By Ina Fried
November 3, 2009
Microsoft has announced it is cutting by a third, the subscription prices for the hosted versions of Exchange, Sharepoint, and Office Communications Server.
The software maker plans to cut the monthly per-user cost of licensing all three products from US$15 to US$10, while the cost of licensing individual products is also dropping by as much as 50 percent. The move comes as Microsoft faces continued pressure from rivals, including Google.
Last week, the city of Los Angeles voted to go ahead with a deal to shift many employees to Google Apps from Microsoft Office.
In an interview, Microsoft Vice President Chris Capossela said the move has less to do with competitive pressure than that "it's the price that customers are really excited to buy our suite at."
"We're pretty excited about the price and not so much focused on free services or the price Google or others might charge," Capossela said.
In addition to the price drop, Microsoft is also touting several new customers and announced its plan to bring the year-old Microsoft Online services to more than a dozen new countries.

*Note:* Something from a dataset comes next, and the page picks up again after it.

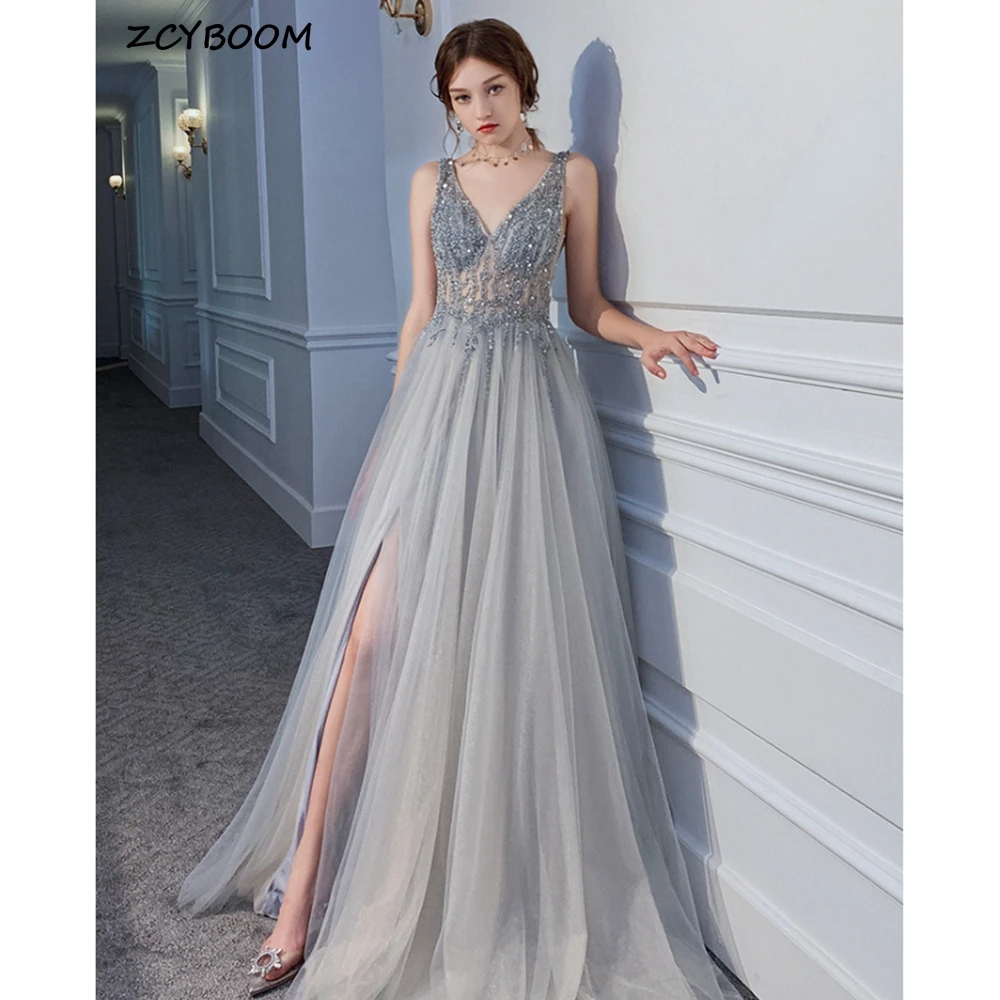 

Charming V-Neck Spaghetti Strap Sequin Evening Dresses Floor Length Sweep Train Boho A-Line Side Slit Custom Made Formal Gown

The company is announcing its commercial launch in Singapore, as well as trials in Brazil, Chile, Colombia, Czech Republic, Greece, Hong Kong, Hungary, Israel, Malaysia, Mexico, Puerto Rico, Poland, Romania, and Taiwan. Microsoft also expects to have commercial availability in India later this year.
Among the new customers are McDonalds, Aon, Lions Gate Entertainment, and Rexel Group. They join existing customers, such as Blockbuster, Coca-Cola and Autodesk as those paying Microsoft to run hosted versions of its products. Microsoft formally launched Microsoft Online at a San Francisco event a year ago.
Next week, Microsoft will also formally launch Exchange 2010 at its TechEd Berlin developer event. Microsoft said last month that it had finalized the product. Traditionally, Microsoft has developed products first as a server and only later, if at all, customized them to run in hosted form.
Exchange 2010, though, was designed first as an online service and then crafted into a product that businesses can run on their own servers.